Sager and Oberg looked down at their hands to find deep wounds, but neither was bleeding. The line instantly cauterized their gashes. Had the towline been wrapped around their feet or hands, they would be in a much worse boat than one without a rudder. They were lucky. On its second attempt, the Block Island swooped in within fifteen feet of Zulu and heaved a throwing line. Sager and Oberg caught it, hauled it onboard and quickly tied it off to cleats on the bow. They then cleared the bow as the Block Island paid out four hundred feet of tow- line. It was 9:00 a.m. and the Zulu was well over one hundred miles from the closest port. So began their tow to safety.

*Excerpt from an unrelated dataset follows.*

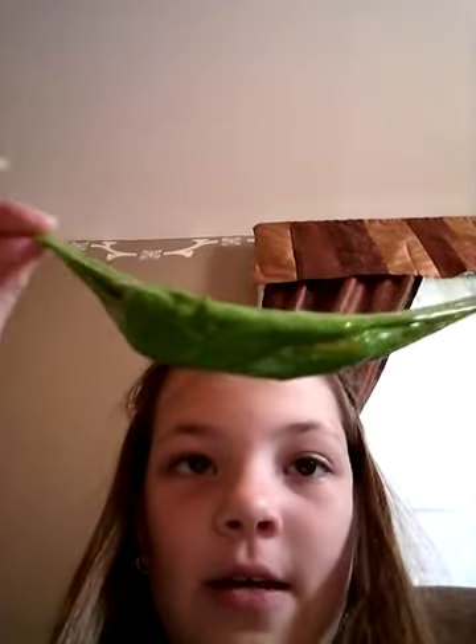Hello everyone, I'm back and today I'm gonna be doing stuff with this slime. Oh gosh, it's like... it fell on my head.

The next thirty-six hours were torturous. Imagine the worst hangover you’ve ever had, tack on three sleepless nights, and then climb aboard a cross between a rollercoaster and the teacups ride at Disney World. The Block Island crept at three knots, pulling the Zulu through wave after towering wave. Over and over, the towline buried itself in the belly of a giant wave, dragging the boat directly through wall of water. Sager was amazed the line hadn’t snapped, and more importantly, that their vessel hadn’t crumbled. They couldn’t read, couldn’t sleep, couldn’t even urinate standing up. All they could do was grimace, and endure, and dream about their first meal on dry land.

In the days and weeks after Zulu reached port under USCG tow, much was written about the ill-fated November crossing. The Salty Dawg Rally came under criticism by the international sailing community for encouraging inexperienced sailors to make the journey in unpredictable weather. Salty Dawg officials responded by claiming that each skipper had to make his or her own decision to go or stay, and the rally was not responsible for inspecting the vessels before departure. Whoever was to blame, the incident was a stark reminder that no matter how many boats are in your fleet, once sailors leave the dock, they’re on their own.

Thanks to the Coast Guard, everyone who left port on the first week of November was accounted for. Shortly after arriving in Norfolk, Virginia, Scott Zaminer was quickly taken into surgery, where his burst appendix was removed. He spent a week in the hospital but made a full recovery. Nate Oberg quickly found another boat to skipper, getting right back on the horse that bucked him. As for Brian Sager, when another family friend asked him if he wanted to help sail a boat back from the BVIs this April, he booked his ticket and packed his bags without batting an eye—because when the sea is in your blood, the sea is in your blood.